*Material provided*
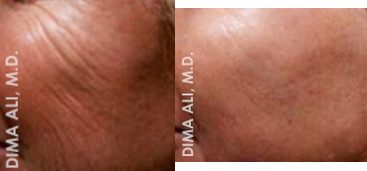 55-64 year old woman treated with Venus Viva - Venus Viva, is a device that allows us to gain the results of full face laser resurfacing without the downtime and risks. Venus Viva is like getting a CO2, Erbium, Fraxel and VBeam laser all in one. The Viva device uses patented nanofractional radiofrequency and SmartScan technology to deliver energy to the dermis. This generates heat in a controlled manner to initiate skin change, rebuilding collagen and fibroblast stimulation, all resulting in tissue remodeling. This achieves results with minimal discomfort and very little to no downtime.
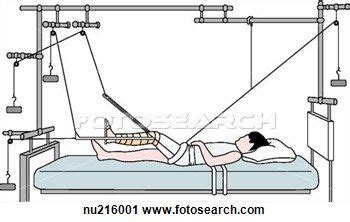 Principle of balanced suspension traction. The counterweight and ...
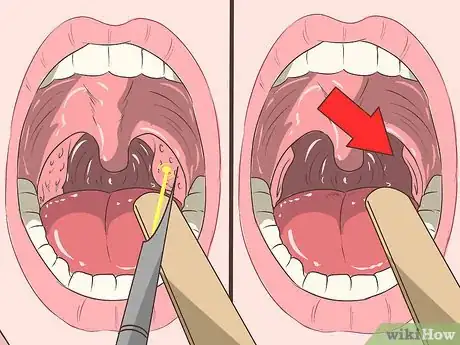 Imagen titulada Remove Tonsil Stones (Tonsilloliths) Step 17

*Exercise brief*
Please provide a faithful transcription of all the data, pictures excluded.

*Solution to this task*
 55-64 year old woman treated with Venus Viva - Venus Viva, is a device that allows us to gain the results of full face laser resurfacing without the downtime and risks. Venus Viva is like getting a CO2, Erbium, Fraxel and VBeam laser all in one. The Viva device uses patented nanofractional radiofrequency and SmartScan technology to deliver energy to the dermis. This generates heat in a controlled manner to initiate skin change, rebuilding collagen and fibroblast stimulation, all resulting in tissue remodeling. This achieves results with minimal discomfort and very little to no downtime.
 Principle of balanced suspension traction. The counterweight and ...
 Imagen titulada Remove Tonsil Stones (Tonsilloliths) Step 17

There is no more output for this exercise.